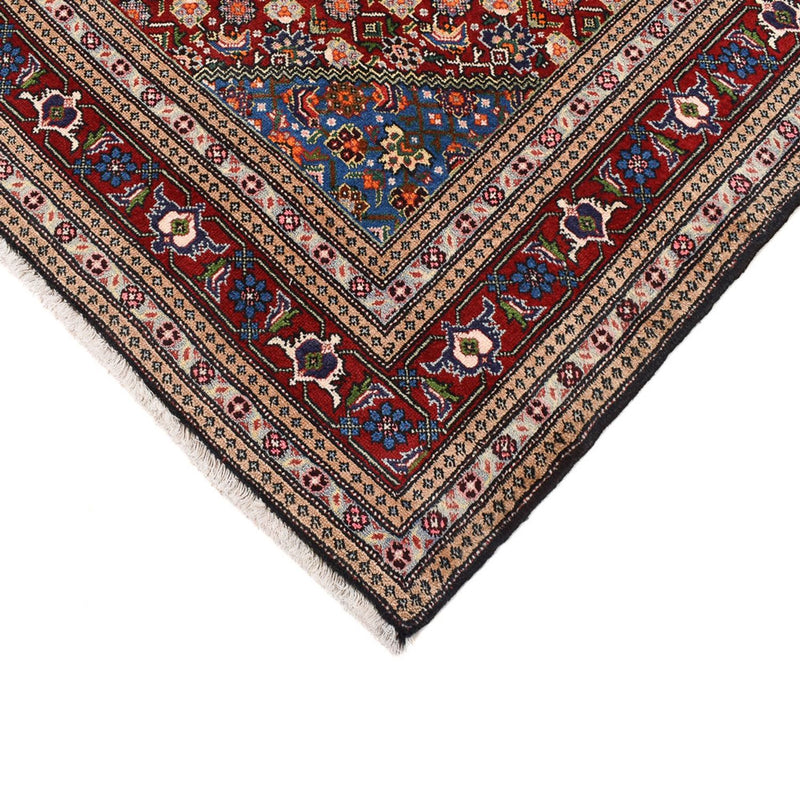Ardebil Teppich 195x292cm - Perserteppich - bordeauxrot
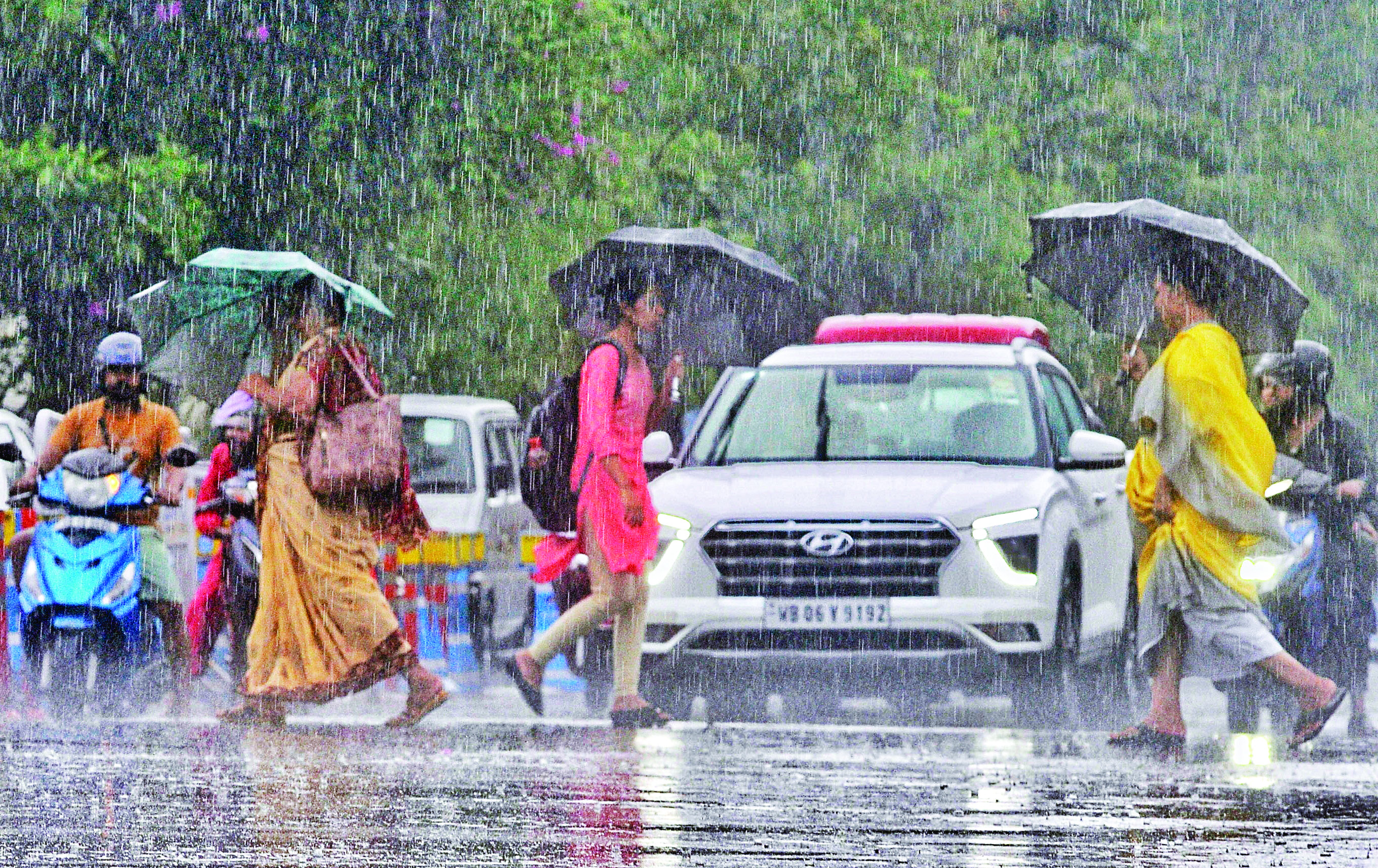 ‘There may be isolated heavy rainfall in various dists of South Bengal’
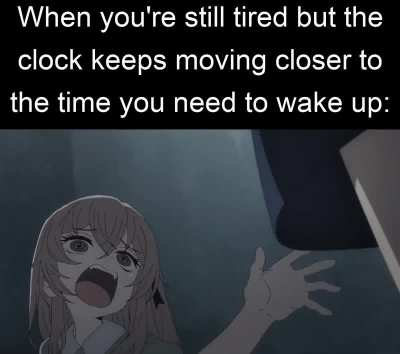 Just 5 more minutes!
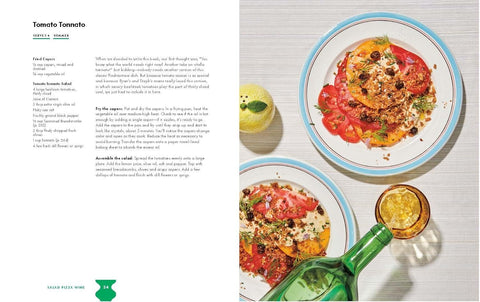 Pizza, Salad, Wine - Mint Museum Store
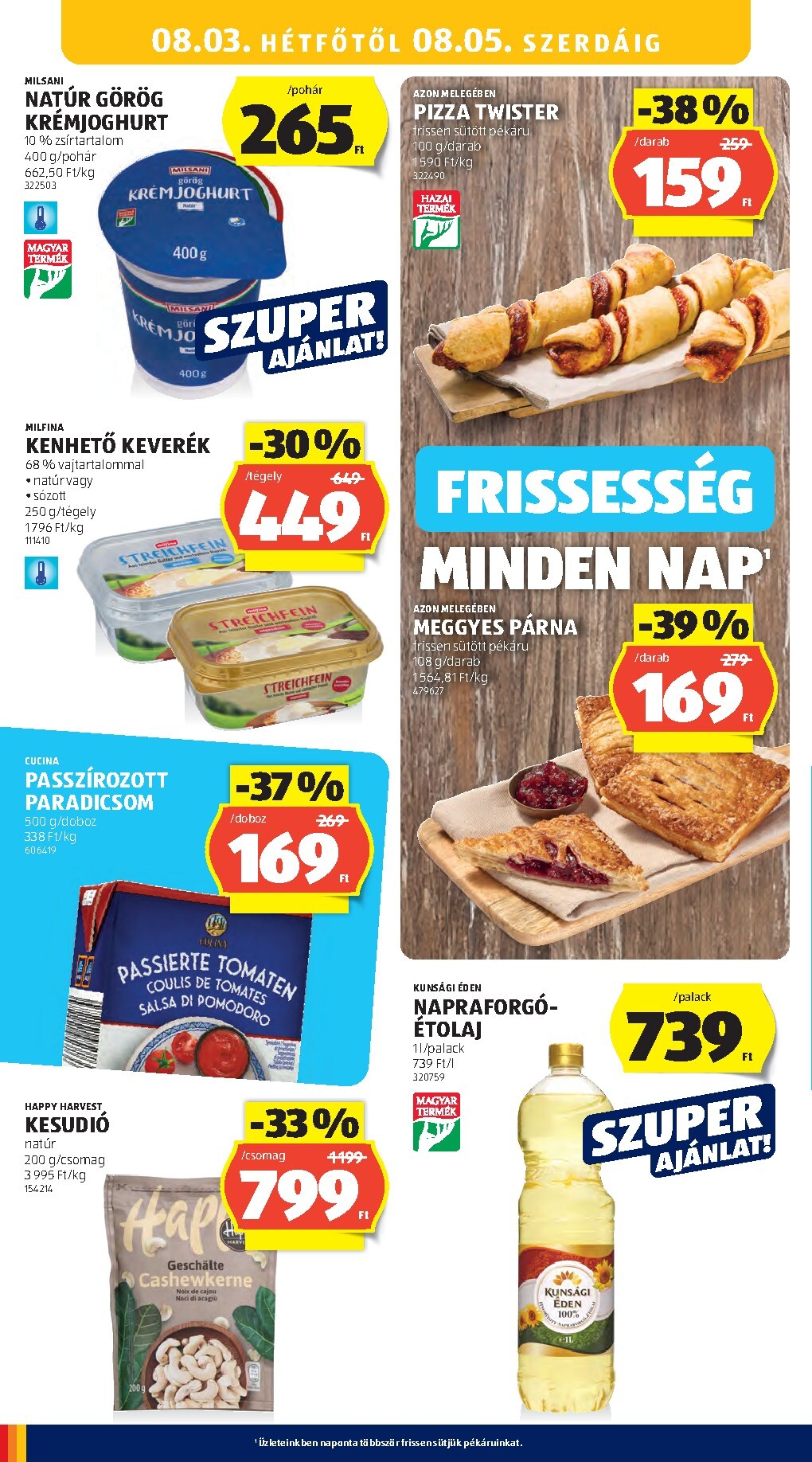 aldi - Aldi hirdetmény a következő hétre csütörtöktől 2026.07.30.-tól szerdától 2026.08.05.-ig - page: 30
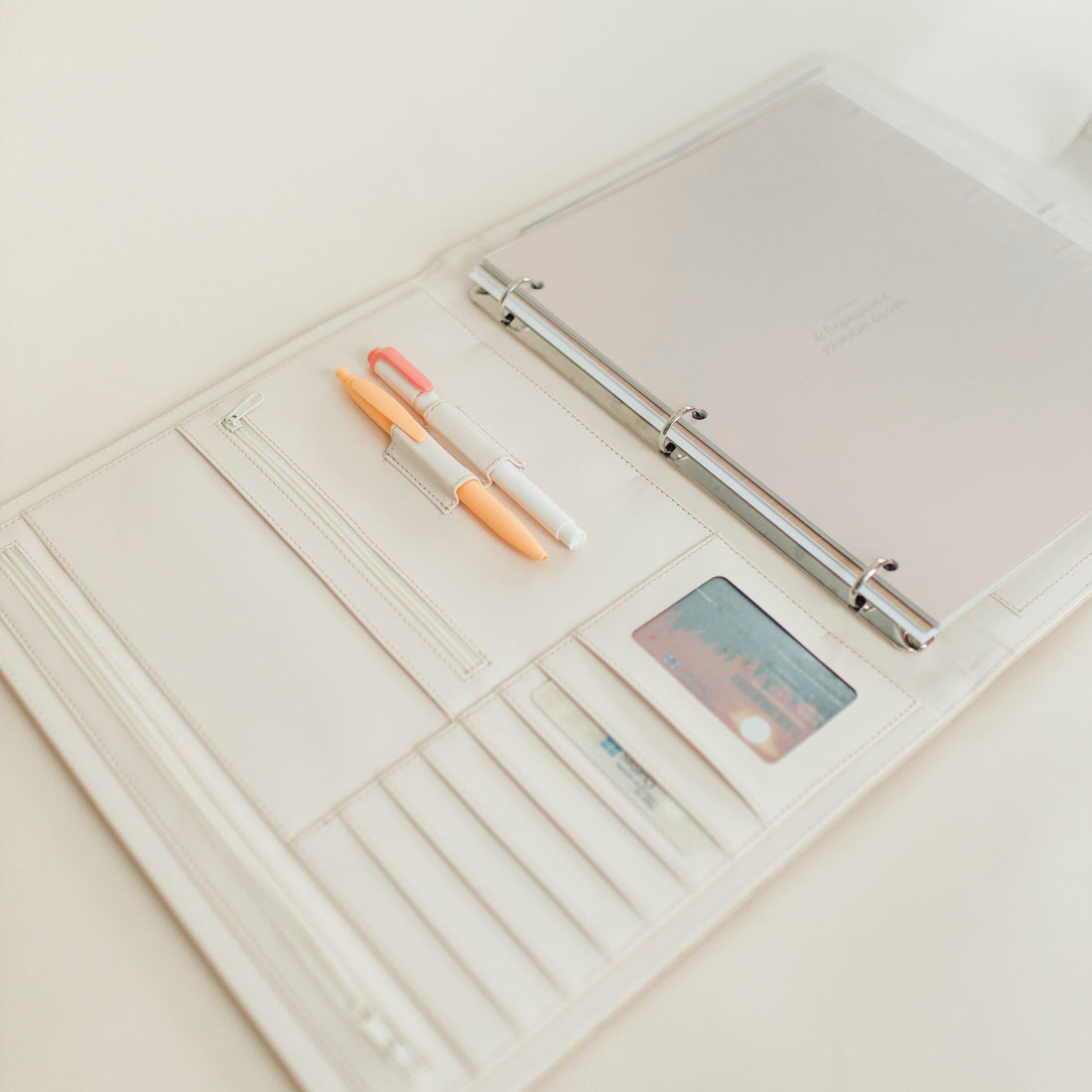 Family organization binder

══════════════════════════════

Work instructions -
Please restate word for word each line from the one containing "Just 5 more minutes!" to the end of the data above, without the pictures.

Solved exercise -
 Just 5 more minutes!
 Pizza, Salad, Wine - Mint Museum Store
 aldi - Aldi hirdetmény a következő hétre csütörtöktől 2026.07.30.-tól szerdától 2026.08.05.-ig - page: 30
 Family organization binder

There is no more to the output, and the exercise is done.